Predigt zum 9. Sonntag nach Ostern
Predigt zum 9. Sonntag nach Ostern
Neunter Sonntag nach Ostern, Lesjahr B
Mk 2,23 – 3,6 Gebote halten
In der Zeit unserer Eltern und Großeltern war die religiöse Erziehung weitgehend davon geprägt, den Menschen das Einhalten von Geboten einzuschärfen. Die 10 Gebote musste man kennen, und im Beichtunterricht lernte man, diese Gebote, die ja aus dem Alten Testament stammen, auf die heutige Zeit anzuwenden. Wer in einer bestimmten Sache nicht genau weiter wusste, konnte im Katechismus nachlesen, was richtig und was falsch war.
Die Frage dabei ist immer: wie genau kann man eine Situation beschreiben? Das Leben ist so vielfältig, dass ein ganzes Bücherregal mit Katechismus oder eine große externe Speicherplatte nicht ausreichen würde, um jeden möglichen Fall schriftlich zu regeln. Zum Glück haben die meisten von uns noch so etwas wie den gesunden Menschenverstand, das Gewissen, das uns in unseren alltäglichen Entscheidungen leitet.
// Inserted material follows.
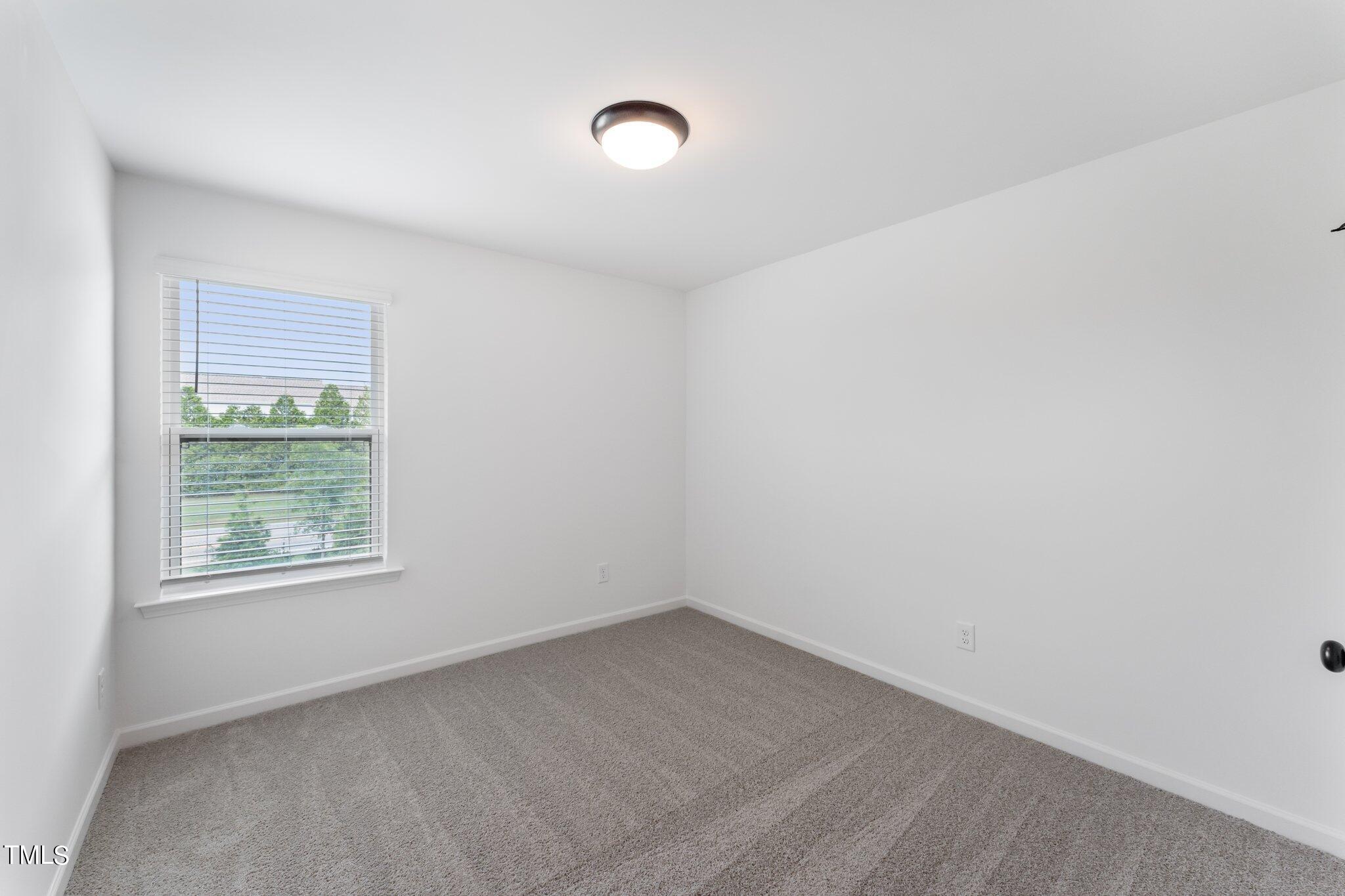 114 Periwinkle Place # 17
Im Evangelium zeigt uns Jesus heute, wie er mit dem Sabbatgebot umgeht. Sein Kriterium ist: Der Sabbat ist für den Menschen da, nicht der Mensch für den Sabbat (V.27). Regeln und Gesetze sollen also den Menschen dienen, sollen das Zusammenleben regeln und erleichtern. Jesus lässt seine Jünger am Sabbat Ähren pflücken und essen, und er heilt am Sabbat. Die Reaktion der Pharisäer: Das geht ja überhaupt nicht. Der will den Sabbat abschaffen. Dieser Jesus muss weg. Doch das ist zu einfach gedacht: Jesus sagt an anderer Stelle: Ich bin nicht gekommen, das Gesetz aufzuheben, sondern um es zu erfüllen (Mt 5,17).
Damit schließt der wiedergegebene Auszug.